In the new video, NASA explains how the Mayan doomsday rumors began in the first place and focuses on the numerous misconceptions concerning the Dec. 21, 2012 end times date. For instance, if an asteroid really were on a collision course with Earth, we would already see it in the sky. The sun is also not a threat, as it's been active for billions of years and has yet to cause any harm to the Earth, the video sadly feels the need to point out.

"The story started with claims that Nibiru, a supposed planet discovered by the Sumerians, is headed toward Earth," NASA says in the video. "This catastrophe was initially predicted for May 2003, but when nothing happened the doomsday date was moved forward to December 2012 and linked to the end of one of the cycles in the ancient Mayan calendar at the winter solstice in 2012 -- hence the predicted doomsday date of December 21, 2012."

NASA's smugness is understandable. As the supposed Mayan end of times approaches on Dec. 21, people are frantically preparing for Armageddon the world over, flocking to such far off spiritual destinations as Bugarach, France and Mount Rtanj, Serbia to await alien saviors, a new dawn that will "upgrade" human consciousness, a door opening up another dimension and other surreal phenomena to occur.

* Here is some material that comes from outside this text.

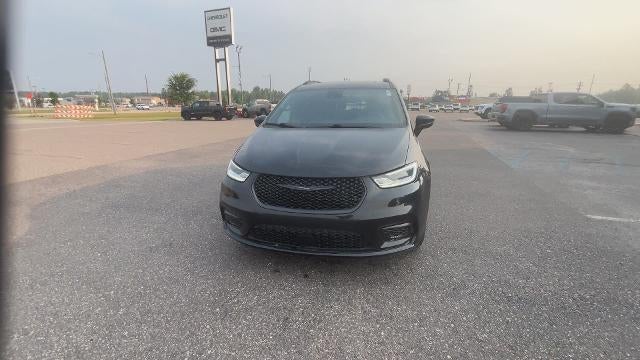 2023 Chrysler Pacifica Limited AWD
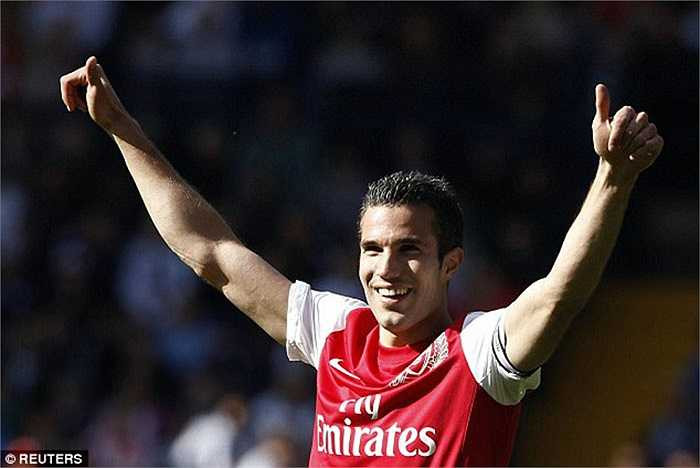 Robin van Persie chuyển đến Arsenal vào năm 2004. Xuất phát từ tiền đạo cánh, anh được xếp đá trung phong cắm và trở thành tiền đạo số một thế giới tại vị trí này với danh hiệu vua phá lưới Premier League 2 năm liên tiếp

The organization says rumors that suggest the Mayan end of days are based on misinterpretations of the Mayan calendar. Many wrongly assume the world will end on the 21st of December because the Mayan calendar "ends" on this day, but in reality it just marks the start of a new cycle.

"On the 21st, the date of the winter solstice, a calendar cycle called the 13th b'ak'tun comes to an end. Although Maya scholars agree that the ancient Maya would not have seen this day as apocalyptic, rumors have spread that a cosmic event may end life on Earth on that day," NASA explains.

"The 2012 end-of-the-world scenario is a hoax perpetrated by the scientifically illiterate on the scientifically under-informed," Neil deGrasse Tyson, astrophysicist and author, told The Huffington Post. "Earth is going to be here till the end of the solar system. The sun will die in five billion years," he assured.